I’ve experimented with
countless time-management techniques, but the results leave me forced to agree:
by far the biggest predictor of whether something gets done is whether it’s fun
to do. The secret of productivity is simple: just do what you enjoy.
Oh, you have some
objections? Thought so. A big one is the fear that if we just let ourselves do
what we enjoy, we’d waste (even more) hours each day on social media, or eating
Nutella from the jar, instead of doing what mattered. There’s some limited
truth to this: when you’re just beginning a session of challenging work, you
often need to give yourself a push, reminding yourself you don’t need to “feel
like” starting in order to start. But after that, it’s enjoyment that’ll sustain
your motivation, not productivity techniques. Indeed, they can make things
worse: if you tell yourself you must spend, say, four hours every day on a
certain project, come hell or high water, you’re liable to turn something that
once inspired you into something you can’t bear to do.
The other big
objection is that countless people don’t have the luxury of enriching,
meaningful work, so they can hardly organise their days by focusing on what
feels good.

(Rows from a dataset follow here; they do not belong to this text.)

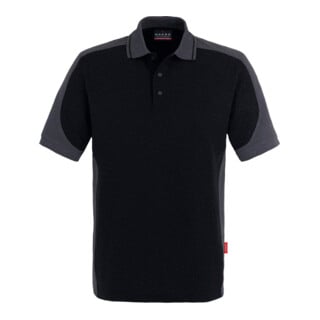 Hakro Polo-shirt Contrast Performance, unisexe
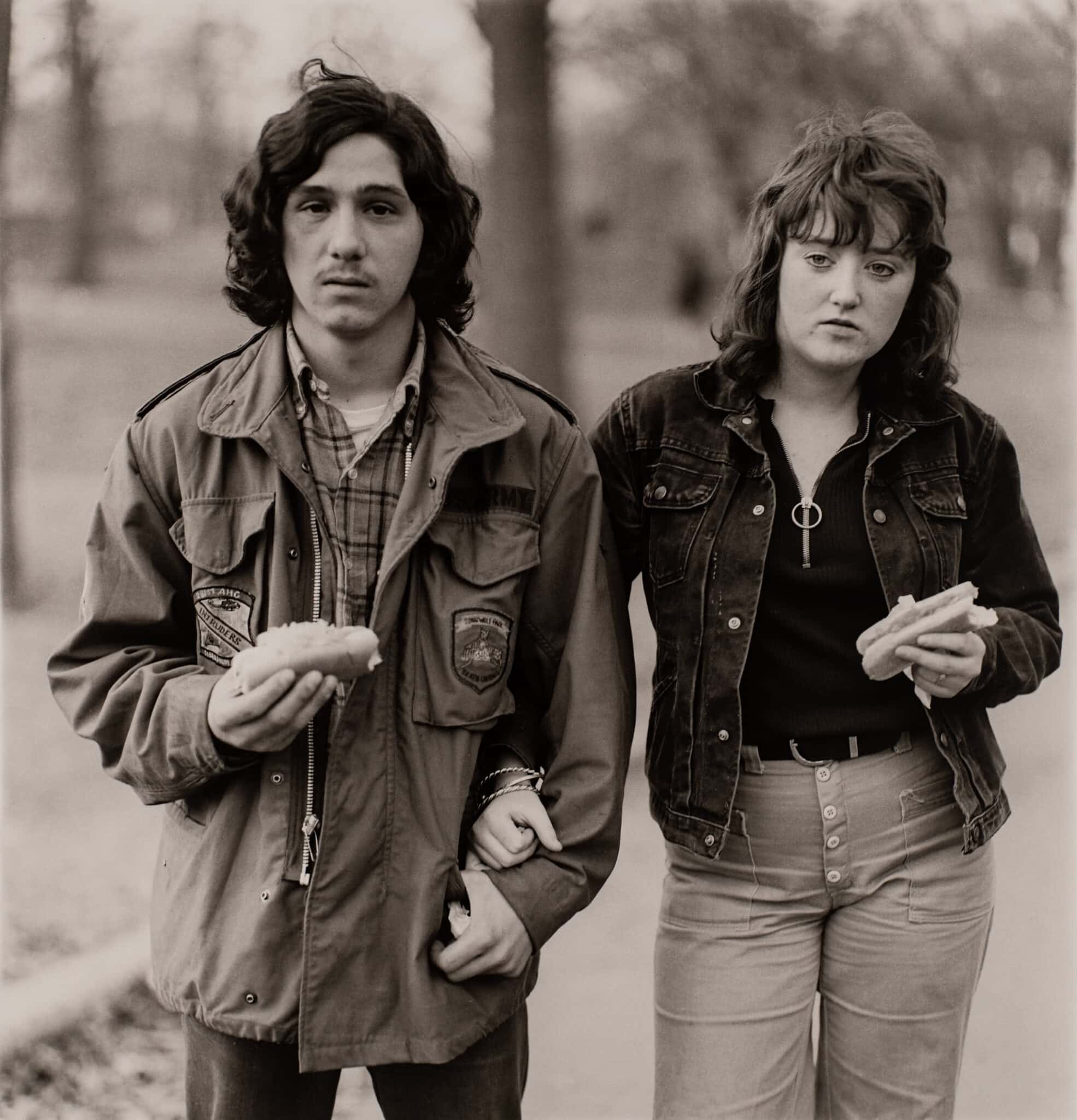 Фотографии diane arbus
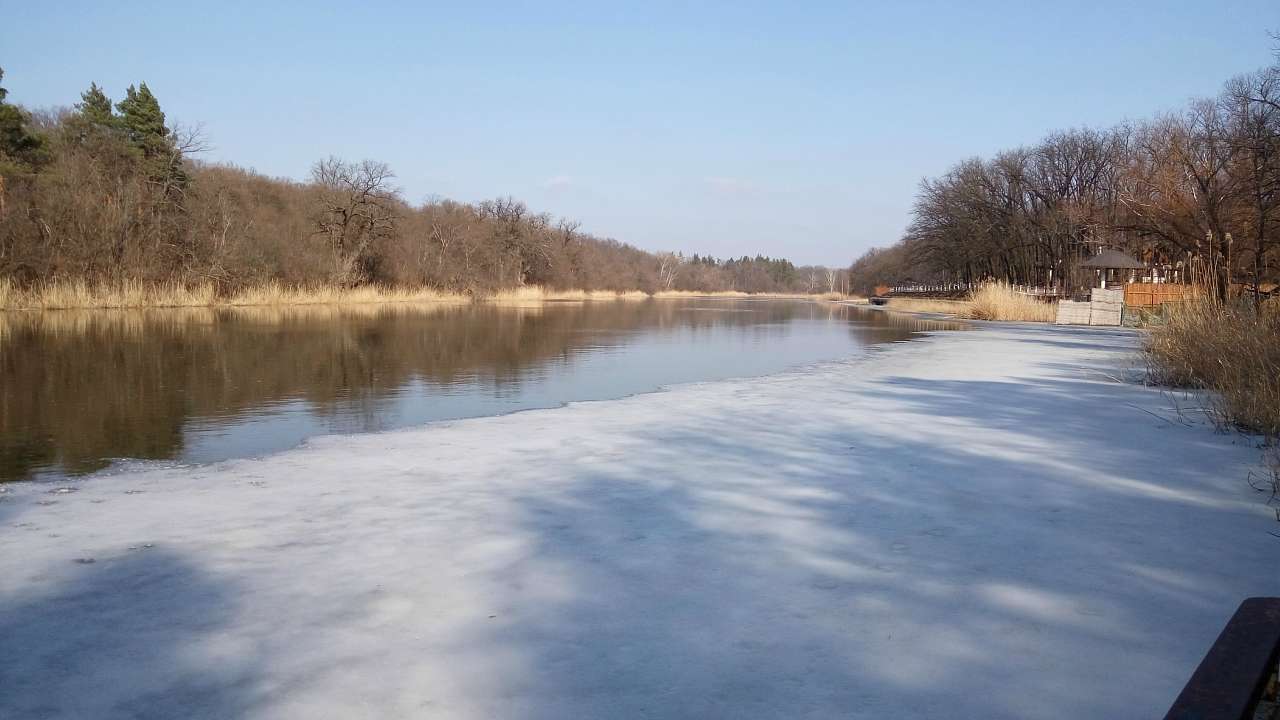 Природа Орлівщини - Орлівщина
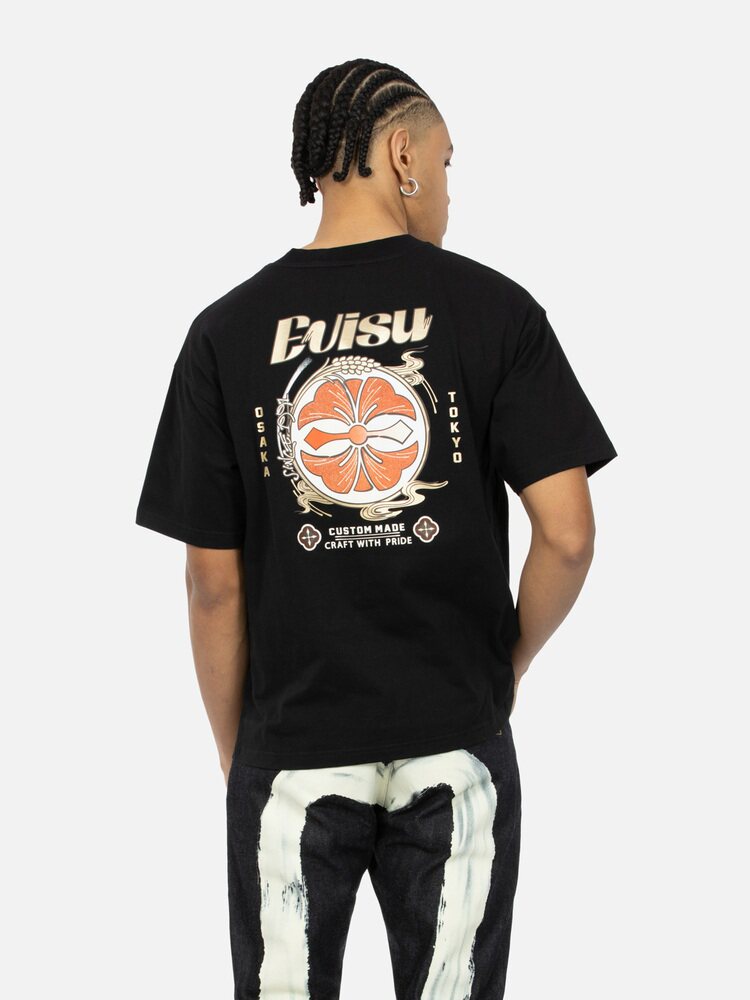 Evisu Men's & Women's New T-Shirt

This is true. But it’s not a problem with Luhmann’s enjoyment-based
approach to productivity. It’s a problem with society –
the kind of problem, in other words, that no productivity technique is ever going
to fix.
No Sweat, by the
behavioral scientist Michelle Segar, advocates an enjoyment-focused philosophy
of exercise, arguing that goals like “staying healthy” are too abstract to work
– the habits that stick are the ones you find fun. (Oliver Burkeman
is a writer of the US-based newspaper The Guardian)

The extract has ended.